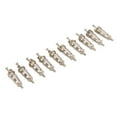 thumbnail image 2 of High Pressure Valve Stem Core, High Pressure Stem Core Durable 100PCS Easy Installation High Hardness For Automotive ANGGREK Otros, 2 of 8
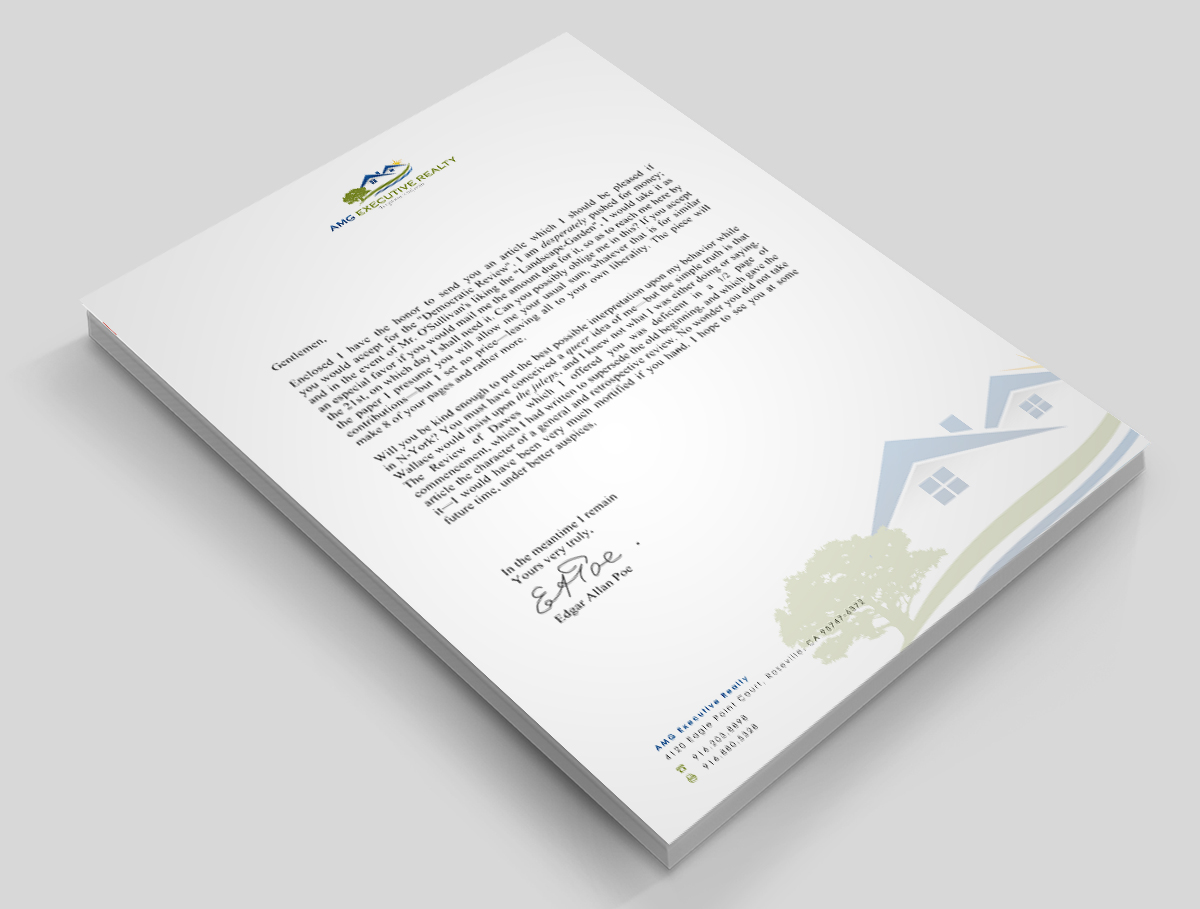 Stationery Design by Eggo May P for this project | Design #3874138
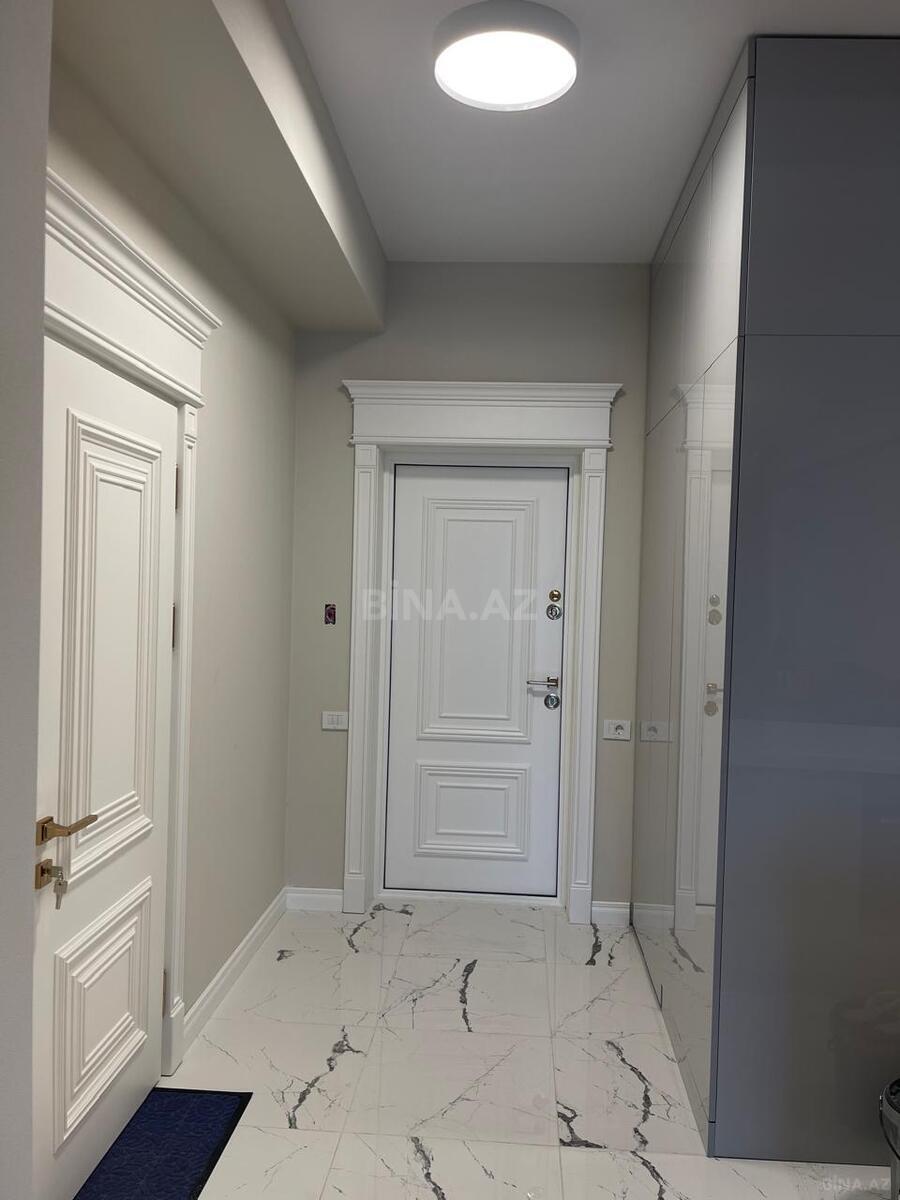2 otaqlı yeni tikili - Şah İsmayıl Xətai m. - 84 m² (25)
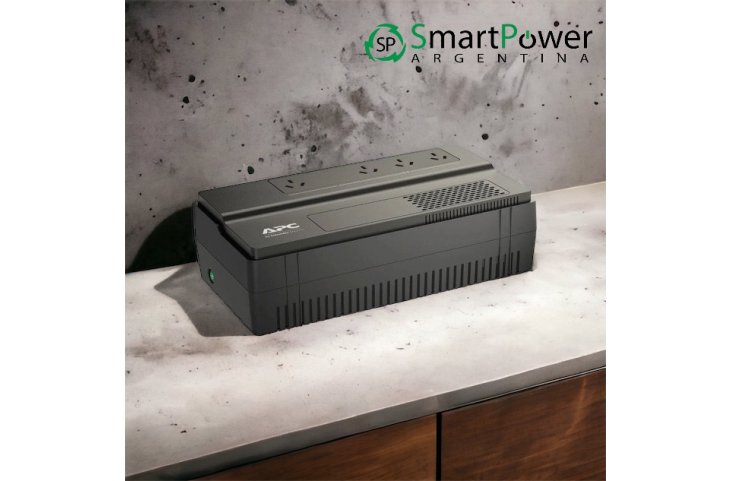 APC UPS BV800I AR con estabilizador (800VA)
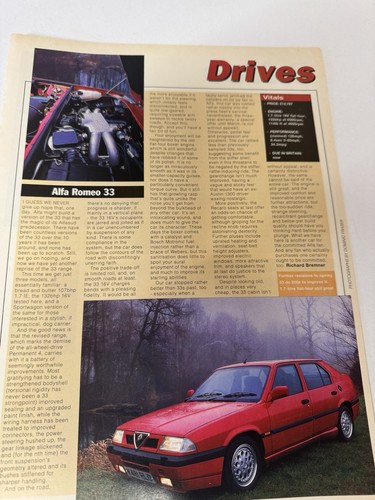 Original vintage 1993 alfa - 1993,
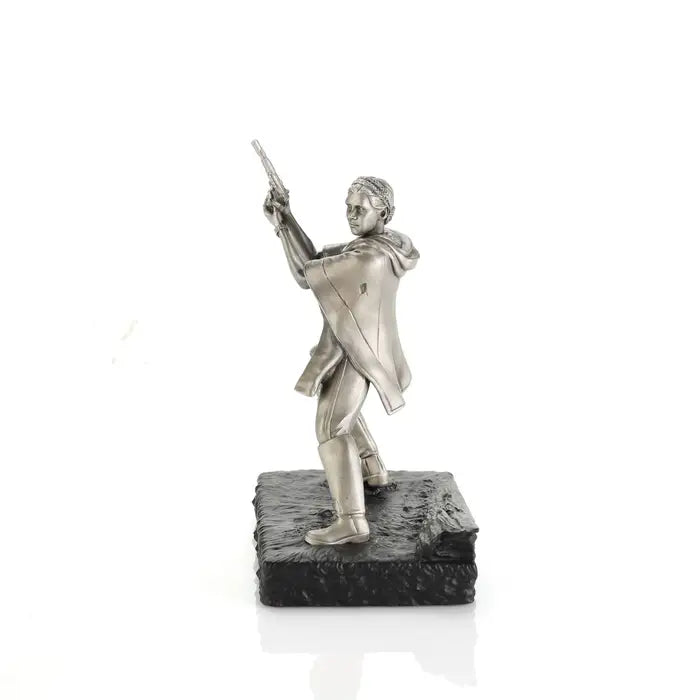 Star Wars Leia Organa Endor Pewter Figurine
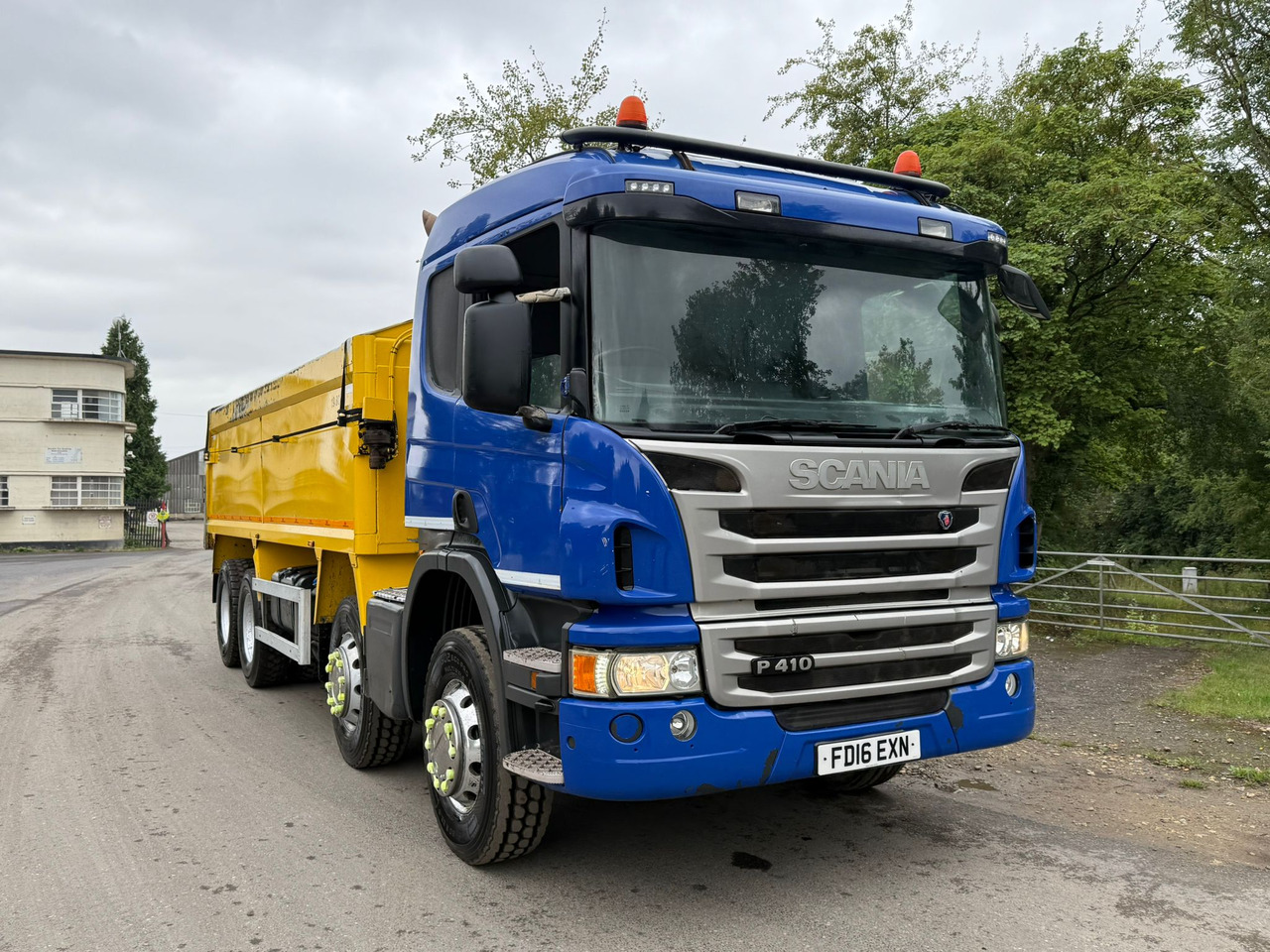 2016 Scania P410 Tipper Truck - Kallurauto: pilt 2 2016 Scania P410 Tipper Truck - Kallurauto: pilt 2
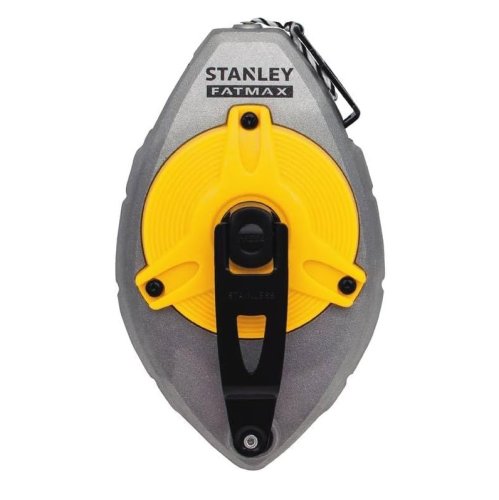Stanley 0-47-488 Set Tracciatore a filo FatMax 30m polvere nera 225g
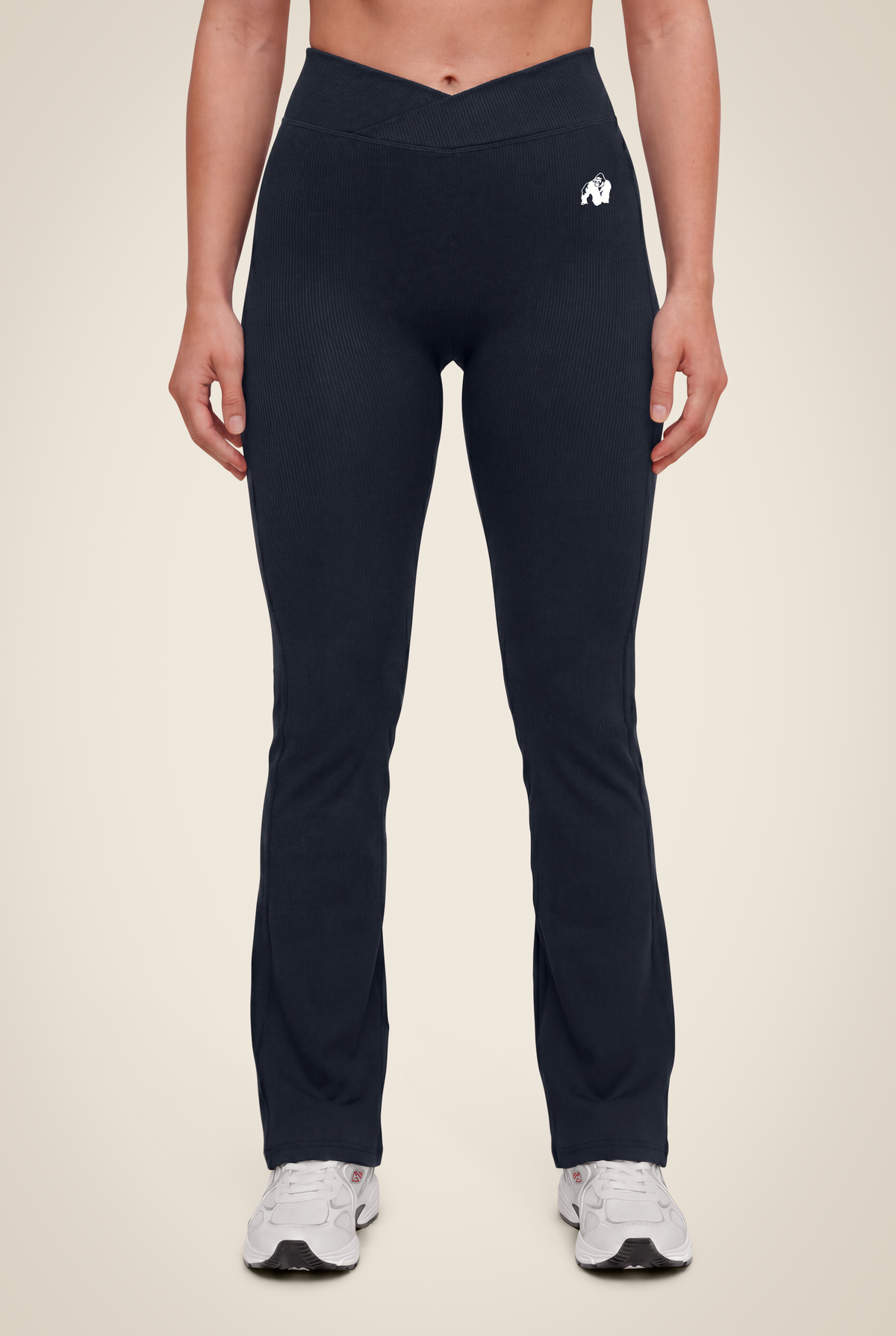 Gorilla Wear Carmen Flared Leggings Leggings Black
══════════
Each record above needs to be copied exactly, with images left out.

 thumbnail image 2 of High Pressure Valve Stem Core, High Pressure Stem Core Durable 100PCS Easy Installation High Hardness For Automotive ANGGREK Otros, 2 of 8
 Stationery Design by Eggo May P for this project | Design #3874138
2 otaqlı yeni tikili - Şah İsmayıl Xətai m. - 84 m² (25)
 APC UPS BV800I AR con estabilizador (800VA)
 Original vintage 1993 alfa - 1993,
 Star Wars Leia Organa Endor Pewter Figurine
 2016 Scania P410 Tipper Truck - Kallurauto: pilt 2 2016 Scania P410 Tipper Truck - Kallurauto: pilt 2
Stanley 0-47-488 Set Tracciatore a filo FatMax 30m polvere nera 225g
 Gorilla Wear Carmen Flared Leggings Leggings Black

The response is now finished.